Once again, in this discussion of Wh (watt hours), it’s important to keep in mind that if someone says, for instance, they are using 100 Wh at any given time, it really means that if they continued what they are doing for an hour straight, then (and only then) they would consume 100 Wh. It would seem more appropriate to say they were using 100 Wh per hour (Wh/h) They probably won’t do exactly 100 Wh for anywhere near an hour because circumstances will change as the rider goes up and down hills or speeds up or slows down. He might even spend half of the next hour sitting at a stop sign, using no energy at all. But the Wh is more of a projection of what how much energy would be used at the current rate if continued for an hour. The Wh is a way to evaluate energy consumption so that we can compare one situation during the ride to others. If the rider continued the 100 Wh circumstance for half an hour, he would consume 100 W x ½ h = 50 Wh. That way, the Wh for different parts of the ride can be “totaled up” to calculate the energy used from the battery pack.

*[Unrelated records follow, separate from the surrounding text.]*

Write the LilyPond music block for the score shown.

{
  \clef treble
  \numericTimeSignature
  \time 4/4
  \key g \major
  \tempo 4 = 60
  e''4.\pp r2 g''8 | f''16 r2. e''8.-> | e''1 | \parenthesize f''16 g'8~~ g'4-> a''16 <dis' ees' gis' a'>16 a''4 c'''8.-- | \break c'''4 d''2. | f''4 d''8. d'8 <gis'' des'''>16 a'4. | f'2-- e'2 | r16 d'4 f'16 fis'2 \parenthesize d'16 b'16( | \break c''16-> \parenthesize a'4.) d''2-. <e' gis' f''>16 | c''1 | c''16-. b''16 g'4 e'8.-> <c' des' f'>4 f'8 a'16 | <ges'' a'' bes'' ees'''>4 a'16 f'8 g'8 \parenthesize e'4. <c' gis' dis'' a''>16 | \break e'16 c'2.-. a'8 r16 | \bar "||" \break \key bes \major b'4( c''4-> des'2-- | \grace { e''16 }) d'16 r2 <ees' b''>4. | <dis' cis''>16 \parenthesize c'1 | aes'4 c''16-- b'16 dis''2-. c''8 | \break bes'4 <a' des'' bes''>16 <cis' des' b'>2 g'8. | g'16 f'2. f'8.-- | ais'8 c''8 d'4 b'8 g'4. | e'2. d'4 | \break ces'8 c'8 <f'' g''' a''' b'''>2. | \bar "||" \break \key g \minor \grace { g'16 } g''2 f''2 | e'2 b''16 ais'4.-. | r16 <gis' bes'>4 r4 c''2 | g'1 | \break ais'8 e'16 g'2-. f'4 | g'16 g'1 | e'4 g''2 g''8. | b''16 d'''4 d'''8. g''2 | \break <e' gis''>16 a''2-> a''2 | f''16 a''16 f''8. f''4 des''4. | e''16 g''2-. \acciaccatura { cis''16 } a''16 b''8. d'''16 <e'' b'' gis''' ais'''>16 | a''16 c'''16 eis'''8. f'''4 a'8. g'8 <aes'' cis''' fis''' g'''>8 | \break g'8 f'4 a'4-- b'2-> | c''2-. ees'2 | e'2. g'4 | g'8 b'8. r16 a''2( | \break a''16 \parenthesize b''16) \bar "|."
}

The range of the battery pack is dependent on the Wh being consumed. Let’s say, for example, that your e-bike had a 36 volt battery pack rated at 13.88 Ah. (I’m just making up numbers that make it a little easier to work with). That would mean that your battery pack had a capacity of about 500 Wh (13.88 Ah multiplied by 36 volts). Let’s say that you discovered that the range of the e-bike, under “average” circumstances turns out to be about 50 miles. If it took 5 hours to do that 50 miles, (assuming that you were riding the whole time and not stopping) then you would have averaged 10 miles per hour (MPH). That would mean that you were using 100 Wh per hour (5 hours times 100 Wh/hour equals 500 Wh). It would follow that you were using 10 Wh per mile (500 Wh divided by 50 miles). If the same e-bike only had a range of about 25 miles in the same 5 hours, it would still be using the 500 Wh, but would only be averaging 5 MPH and would be using 20 Wh per mile.

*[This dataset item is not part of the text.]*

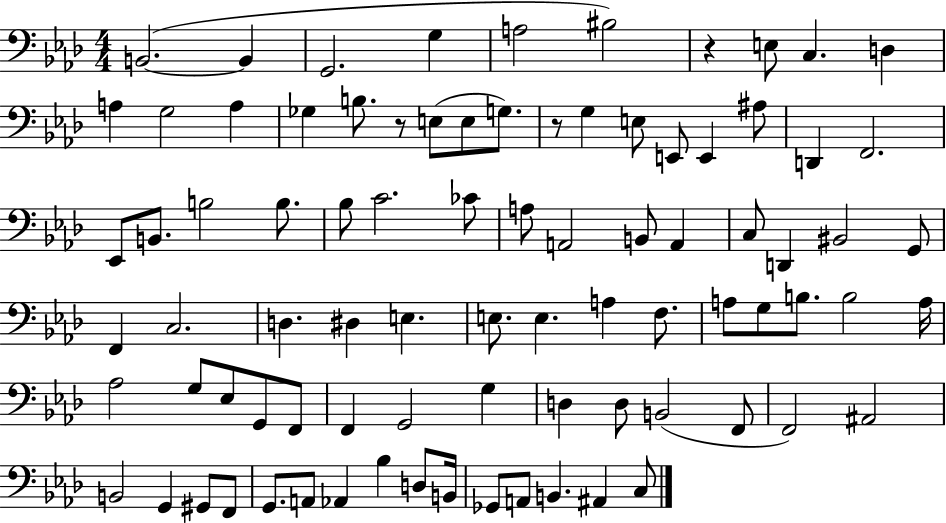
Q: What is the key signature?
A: AES major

It ends up that the general estimate that I found in popular e-bike literature and internet postings seem to support an “average” of about 20 Wh per mile, under “average” circumstances.

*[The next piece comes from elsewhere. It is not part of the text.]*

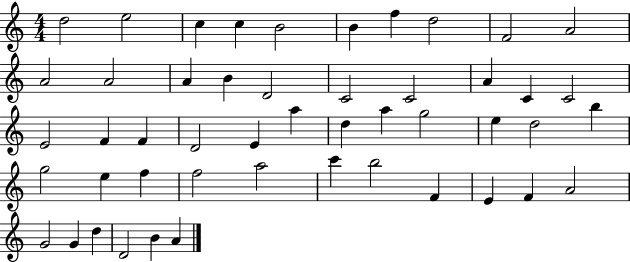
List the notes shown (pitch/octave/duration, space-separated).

So, one of the best ways that you could get a “very general” idea about how far an e-bike that you are thinking about buying would have for a range, would be to look at the battery pack’s rating. Just multiply the voltage of the battery pack (36 or 48, whichever it has) times the rated Ah and that gives you the total Wh. Divide that number by 20 (20 Wh per mile average) and you’ve got the approximate range.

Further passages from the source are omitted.